C'est un arrêt particulièrement important et très attendu, notamment par les experts-comptables, mais pas seulement, qu'a rendu la Cour de justice de l'Union européenne le 5 avril 2011. Par requête introduite le 28 novembre 2007, une société française avait demandé au Conseil d'Etat d'annuler le décret nº 2007-1387 (décret du 27 septembre 2007, portant Code de déontologie des professionnels de l'expertise comptable N° Lexbase : L5421HYG) en ce qu'il interdit le démarchage. Cette société considérait que l'interdiction générale et absolue de toute activité de démarchage, prévue à l'article 12-I du Code de déontologie des professionnels de l'expertise comptable (N° Lexbase : L9987HZW), est contraire à l'article 24 de la Directive "Services" (Directive 2006/123 du Parlement européen et du Conseil, relative aux services dans le marché intérieur N° Lexbase : L8989HT4) et met gravement en péril la mise en oeuvre de cette norme communautaire. Le Conseil d'Etat, par un arrêt du 4 mars 2009 (CE 1° et 6° s-s-r., 4 mars 2009, n° 310979 N° Lexbase : A5776EDB), a sursis à statuer et a posé à la Cour la question préjudicielle suivante: "La Directive [2006/123] a-t-elle entendu proscrire, pour les professions réglementées qu'elle vise, toute interdiction générale, quelle que soit la forme de pratique commerciale concernée, ou bien a-t-elle laissé aux Etats membres la possibilité de maintenir des interdictions générales pour certaines pratiques commerciales, telles que le démarchage ?" La réponse de la Cour de Luxembourg est très claire : la Directive "Services" doit être interprétée en ce qu'elle s'oppose à une réglementation nationale qui interdit totalement aux membres d'une profession réglementée, telle que la profession d'expert-comptable, d'effectuer des actes de démarchage. Bref retour sur cette décision et sur ses conséquences...
Les textes. La requérante soutenait donc que l'article 12-I du Code de déontologie des professionnels de l'expertise comptable, est contraire à l'article 24 de la Directive 2006/123.
Aux termes du premier de ces texte, "il est interdit aux [experts-comptables] d'effectuer toute démarche non sollicitée en vue de proposer leurs services à des tiers. Leur participation à des colloques, séminaires ou autres manifestations universitaires ou scientifiques est autorisée dans la mesure où elles ne se livrent pas, à cette occasion, à des actes assimilables à du démarchage".
L'article 24 de la Directive 2006/123, intitulé "Communications commerciales des professions réglementées", impose, quant à lui, aux Etats deux obligations :
- d'une part, ils doivent supprimer toutes les interdictions totales visant les communications commerciales des professions réglementées ;
- et, d'autre part, ils sont tenus de veiller à ce que les communications commerciales faites par les professions réglementées respectent les règles professionnelles, conformes au droit communautaire, qui visent notamment l'indépendance, la dignité et l'intégrité de la profession ainsi que le secret professionnel, en fonction de la spécificité de chaque profession, les règles en matière de communications commerciales devant être non discriminatoires, justifiées par une raison impérieuse d'intérêt général et proportionnées.
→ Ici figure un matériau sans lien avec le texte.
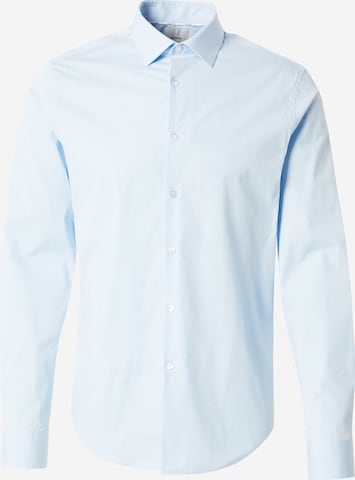 Camicia business 'ESNTL' di Calvin Klein in blu: frontale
Or, pour les juges, l'intention du législateur de l'Union était non seulement de mettre fin aux interdictions totales, pour les membres d'une profession réglementée, de recourir à la communication commerciale, quelle qu'en soit la forme, mais également d'éliminer les interdictions de recourir à une ou plusieurs formes de communication commerciale telles que, notamment, la publicité, le marketing direct ou le parrainage. De même, doivent être considérées comme des interdictions totales, proscrites par l'article 24, les règles professionnelles prohibant de communiquer, dans un média ou dans certains d'entre eux, des informations sur le prestataire ou sur son activité.

Or le démarchage tel qu'il est visé par la réglementation française entre-t-il dans le champ d'application de cette prohibition ? En d'autres termes, le démarchage constitue-t-il une communication commerciale ?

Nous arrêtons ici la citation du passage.